Give AlbumentationsX a star on GitHub — it powers this leaderboard

Star on GitHub

pinotdb

Python DB-API and SQLAlchemy dialect for Pinot.

Downloads: 0 (30 days)

Description

Python DB-API and SQLAlchemy dialect for Pinot

This module allows accessing Pinot via its SQL API.

Current supported Pinot version: 1.1.0.

Usage

Using the DB API to query Pinot Broker directly:

from pinotdb import connect

# this assumes 8000 is the broker port
conn = connect(host='localhost', port=8000, path='/query/sql', scheme='http')
curs = conn.cursor()
curs.execute("""
    SELECT place,
           CAST(REGEXP_EXTRACT(place, '(.*),', 1) AS FLOAT) AS lat,
           CAST(REGEXP_EXTRACT(place, ',(.*)', 1) AS FLOAT) AS lon
      FROM places
     LIMIT 10
""")
for row in curs:
    print(row)

For HTTPS:

from pinotdb import connect

# this assumes that 443 is the broker secure https port
conn = connect(host='localhost', port=443, path='/query/sql', scheme='https')
curs = conn.cursor()
curs.execute("""
    SELECT place,
           CAST(REGEXP_EXTRACT(place, '(.*),', 1) AS FLOAT) AS lat,
           CAST(REGEXP_EXTRACT(place, ',(.*)', 1) AS FLOAT) AS lon
      FROM places
     LIMIT 10
""")
for row in curs:
    print(row)

Pinot also supports basic auth, e.g.

conn = connect(host="localhost", port=443, path="/query/sql", scheme="https", username="my-user", password="my-password", verify_ssl=True)

To pass in additional query parameters (such as useMultistageEngine=true) you may pass them in as part of the execute method. For example:

curs.execute("select * from airlineStats air limit 10", queryOptions="useMultistageEngine=true")

Broker query stats are exposed after execute() on cursor.query_stats:

curs.execute("select * from airlineStats air limit 10")
print(curs.query_stats.get("numServersQueried"))
print(curs.query_stats.get("numDocsScanned"))
print(curs.timeUsedMs)  # Backward compatible shorthand

cursor.query_stats contains scalar top-level metrics returned by the broker for the latest execute() call (works for both sync and async cursors). Common keys include:

  • numServersQueried
  • numServersResponded
  • numSegmentsQueried
  • numSegmentsProcessed
  • numSegmentsMatched
  • numConsumingSegmentsQueried
  • numDocsScanned
  • numEntriesScannedInFilter
  • numEntriesScannedPostFilter
  • numGroupsLimitReached
  • totalDocs
  • timeUsedMs
  • minConsumingFreshnessTimeMs
  • numSegmentsPrunedByBroker

If you need the full broker payload (including nested sections such as resultTable, exceptions, and tracing information), use cursor.raw_query_response.

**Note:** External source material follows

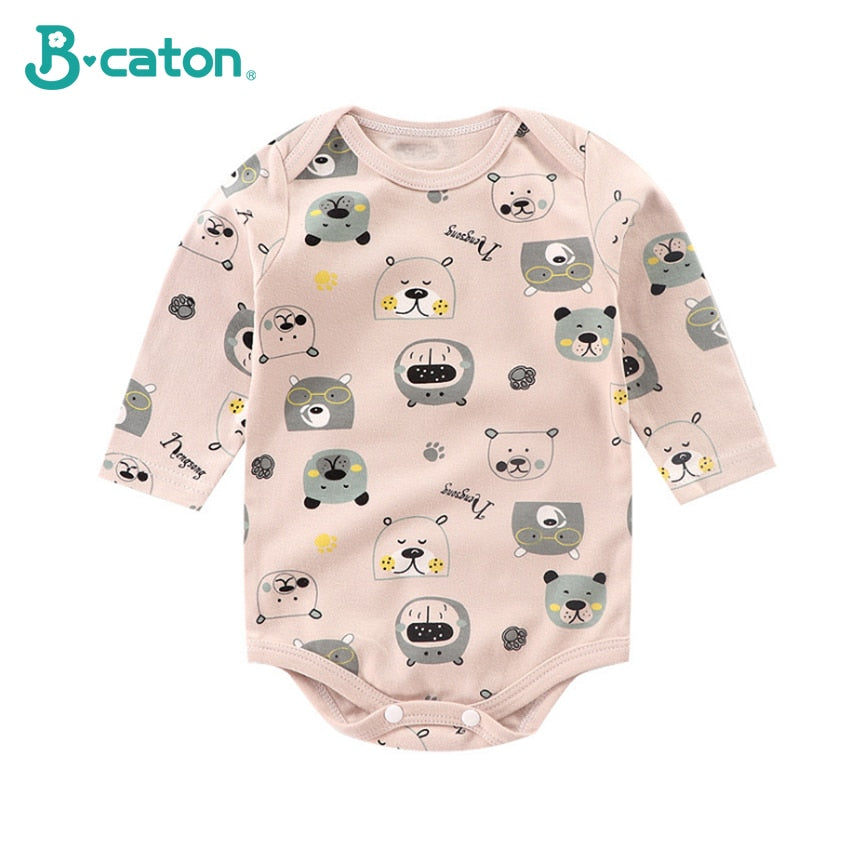 Newborn Baby Romper 100% Cotton Girls Boys Cute Cartoon Animal Stripe Cloth for Kids Long Sleeve Autumn Rompers Jumpsuit Outfits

Pass the Pinot database context

[!IMPORTANT] This feature is only available from 5.1.5

from pinotdb import connect

# this assumes that 443 is the broker secure https port
conn = connect(host='localhost', port=8000, path='/query/sql', scheme='http', database='dbName')
curs = conn.cursor()
curs.execute("""
    SELECT col1 from table1 LIMIT 10
""")
for row in curs:
    print(row)

where,

  • dbName : the database context that needs to be passed
  • table1 : table under the dbName database

If database is not specified the connection will use the default database context.

Using SQLAlchemy:

Since db engine requires more information beyond Pinot Broker, you need to provide pinot controller for table and schema information.

The db engine connection string is format as:

pinot+<pinot-broker-protocol>://<pinot-broker-host>:<pinot-broker-port><pinot-broker-path>?controller=<pinot-controller-protocol>://<pinot-controller-host>:<pinot-controller-port>/

Default scheme is HTTP so you can ignore it. e.g. pinot+http://localhost:8099/query/sql?controller=http://localhost:9000/ and pinot://localhost:8099/query/sql?controller=localhost:9000/ work in same way.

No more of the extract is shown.